School of Human and Biomedical Sciences, University of Canberra
KINEMAGES is an ancillary product for the textbook "Biochemistry" by Donald and Judith Voet, 1995.
In biochemistry, structure is intimately connected to function and students often experience trouble imagining the 3-dimensional structures of molecules. The program KINEMAGES enables the user to interact with the 3-D shape of biochemical molecules. These include general secondary and tertiary protein structures, specific proteins such as haemoglobin and myoglobin, serine proteases and phosphofructokinase and also DNA, RNA and DNA-protein complexes. There are 22 separate presentations included in the package.
The program fits onto one 3.5" floppy disk and unzips to fill approximately 6Mb of hard drive space. The program contains both the interactive image files and extensive notes in text files. These notes can be accessed on screen during molecule manipulation and also printed out for easier reading.

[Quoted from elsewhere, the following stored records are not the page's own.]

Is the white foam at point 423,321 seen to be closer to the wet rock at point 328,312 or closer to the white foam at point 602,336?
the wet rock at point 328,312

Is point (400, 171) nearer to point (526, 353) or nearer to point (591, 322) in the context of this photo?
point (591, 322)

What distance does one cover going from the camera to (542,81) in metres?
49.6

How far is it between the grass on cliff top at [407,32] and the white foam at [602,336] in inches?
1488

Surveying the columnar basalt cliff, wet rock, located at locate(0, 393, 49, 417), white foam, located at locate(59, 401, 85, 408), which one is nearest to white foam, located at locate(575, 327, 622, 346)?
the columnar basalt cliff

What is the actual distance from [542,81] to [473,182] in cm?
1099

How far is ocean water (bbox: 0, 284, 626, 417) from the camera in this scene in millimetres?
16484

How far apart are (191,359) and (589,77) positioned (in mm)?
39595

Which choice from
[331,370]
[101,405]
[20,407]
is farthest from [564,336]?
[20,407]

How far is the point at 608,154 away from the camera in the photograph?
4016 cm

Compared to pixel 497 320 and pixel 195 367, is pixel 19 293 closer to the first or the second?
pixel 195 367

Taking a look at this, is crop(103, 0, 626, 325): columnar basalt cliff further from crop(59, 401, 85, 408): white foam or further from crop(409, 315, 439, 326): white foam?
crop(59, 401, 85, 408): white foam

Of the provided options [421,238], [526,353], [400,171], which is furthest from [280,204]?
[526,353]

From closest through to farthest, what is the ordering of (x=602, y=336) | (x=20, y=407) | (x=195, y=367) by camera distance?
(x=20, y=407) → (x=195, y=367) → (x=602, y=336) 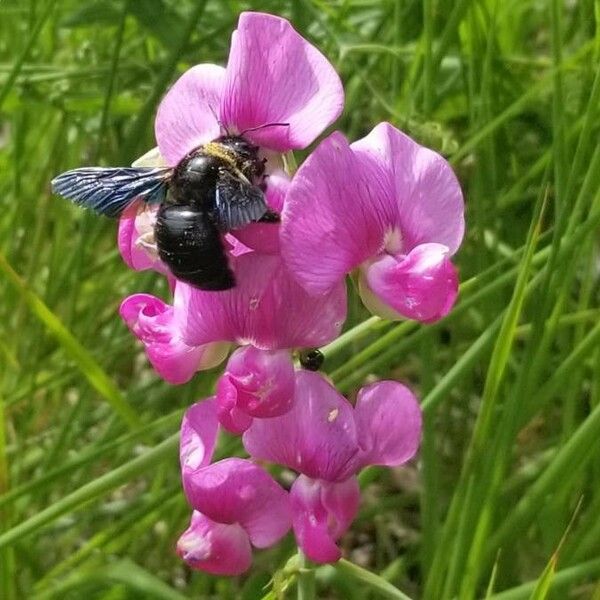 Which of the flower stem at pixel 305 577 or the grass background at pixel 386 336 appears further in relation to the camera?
the grass background at pixel 386 336

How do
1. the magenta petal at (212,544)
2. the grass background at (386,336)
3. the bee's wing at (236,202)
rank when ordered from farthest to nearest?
the grass background at (386,336)
the magenta petal at (212,544)
the bee's wing at (236,202)

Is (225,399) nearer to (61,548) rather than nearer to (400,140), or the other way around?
(400,140)

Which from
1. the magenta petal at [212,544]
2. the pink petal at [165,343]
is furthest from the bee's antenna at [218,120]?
the magenta petal at [212,544]

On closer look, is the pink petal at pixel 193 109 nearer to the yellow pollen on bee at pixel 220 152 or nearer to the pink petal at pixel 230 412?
the yellow pollen on bee at pixel 220 152

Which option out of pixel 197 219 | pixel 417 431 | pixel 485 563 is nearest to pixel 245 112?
pixel 197 219

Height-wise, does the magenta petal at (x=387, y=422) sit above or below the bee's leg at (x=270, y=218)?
below

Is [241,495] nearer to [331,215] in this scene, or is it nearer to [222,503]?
[222,503]

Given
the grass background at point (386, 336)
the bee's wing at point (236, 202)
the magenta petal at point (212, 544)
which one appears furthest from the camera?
the grass background at point (386, 336)

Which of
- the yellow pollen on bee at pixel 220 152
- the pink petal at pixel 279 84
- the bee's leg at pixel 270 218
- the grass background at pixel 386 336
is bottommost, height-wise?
the grass background at pixel 386 336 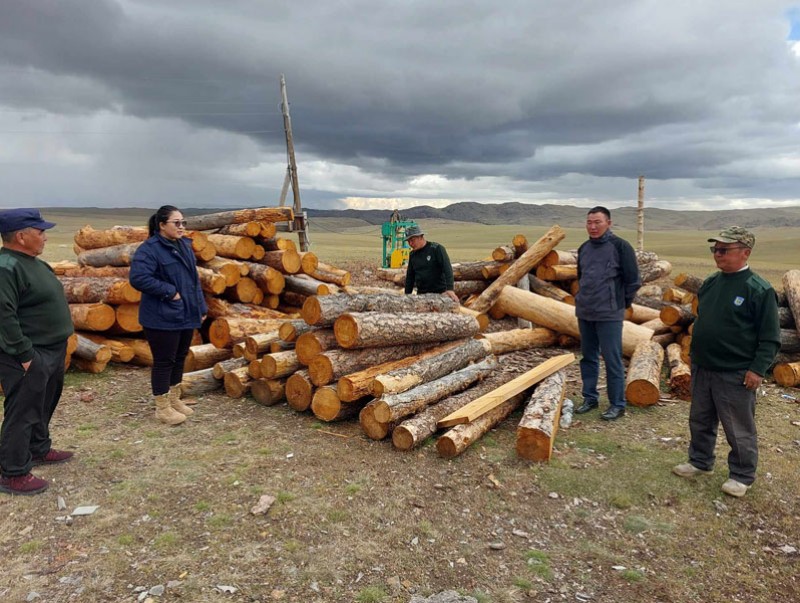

The program can be used as a self-paced tutoring tool by individual students or as an aid in lectures or tutorials where the images can be projected and manipulated in response to teaching needs and student questions. The images are easy to manipulate with movement of the mouse pointer. Also parts of the images can be switched on and off to improve clarity. Interesting examples of this are addition and removal of BPG to the haemoglobin tetramer and the conformation changes associated with the binding of ADP to phosphofructokinase. Several different pre-set views are provided in addition to the infinite variety of views that can be generated by the click of a mouse.
The accompanying notes would provide adequate support for a knowledgeable student using the program unaided. However a student coming to these structures and notes without a prior familiarity with the relevant theory might find the presentation confusing, if not down right alarming. The notes have the advantage of referring to the figures in the textbook that are attempting to explain the same concept on the flat page. This provides an opportunity to learn to better understand the flat page representations.
A representative from Jacaranda Wiley, the Australian supplier, informed me that the disk may be purchased separately, or packaged with the textbook "Biochemistry" by Donald and Judith Voet. Also if the book is adopted, the software is supplied free and can be used without a site license within the institution for those enrolled students, which makes an attractive offer.